JuliaForDataAnalysis/exercises/exercises03.md
2022-10-14 13:43:12 +02:00

8.0 KiB

Julia for Data Analysis

Bogumił Kamiński, Daniel Kaszyński

Chapter 3

Problems

Exercise 1

Check what methods does the repeat function have. Are they all covered in help for this function?

Solution

Write:

julia> methods(repeat)
# 6 methods for generic function "repeat":
[1] repeat(A::AbstractArray; inner, outer) in Base at abstractarraymath.jl:392
[2] repeat(A::AbstractArray, counts...) in Base at abstractarraymath.jl:355
[3] repeat(c::Char, r::Integer) in Base at strings/string.jl:336
[4] repeat(c::AbstractChar, r::Integer) in Base at strings/string.jl:335
[5] repeat(s::Union{SubString{String}, String}, r::Integer) in Base at strings/substring.jl:248
[6] repeat(s::AbstractString, r::Integer) in Base at strings/basic.jl:715

Now write ?repeat and you will see that there are four entries in help.

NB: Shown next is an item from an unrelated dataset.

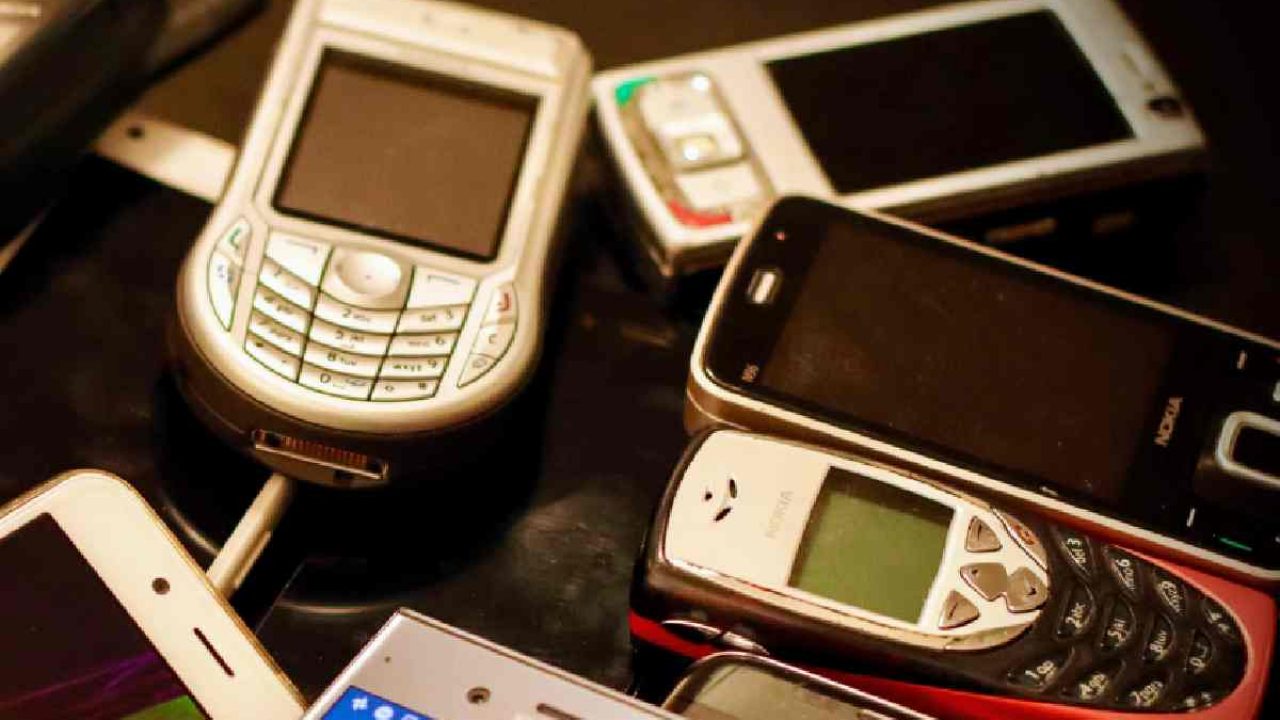 Tornano i telefoni basic, i giovani li usano per detox da smartphone e  social network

The reason is that for Char and AbstractChar as well as for AbstractString and Union{SubString{String}, String} there is one help entry.

Why do these cases have two methods defined? The reason is performance. For example repeat(c::AbstractChar, r::Integer) is a generic function that accept any character values and repeat(c::Char, r::Integer) is its faster version that accepts values that have Char type only (and it is invoked by Julia if value of type Char is passed as an argument to repeat).

Exercise 2

Write a function fun2 that takes any vector and returns the difference between the largest and the smallest element in this vector.

Solution

You can define is as follows:

fun2(x::AbstractVector) = maximum(x) - minimum(x)

or as follows:

function fun2(x::AbstractVector)
    lo, hi = extrema(x)
    return hi - lo
end

Note that these two functions will work with vectors of any elements that are ordered and support subtraction (they do not have to be numbers).

Exercise 3

Generate a vector of one million random numbers from [0, 1] interval. Check what is a faster way to get a maximum and minimum element in it. One option is by using the maximum and minimum functions and the other is by using the extrema function.

Solution

Here is a way to compare the performance of both options:

julia> using BenchmarkTools

julia> x = rand(10^6);

julia> @btime minimum($x), maximum($x)
  860.700 μs (0 allocations: 0 bytes)
(1.489173560242918e-6, 0.9999984347293639)

julia> @btime extrema($x)
  2.185 ms (0 allocations: 0 bytes)
(1.489173560242918e-6, 0.9999984347293639)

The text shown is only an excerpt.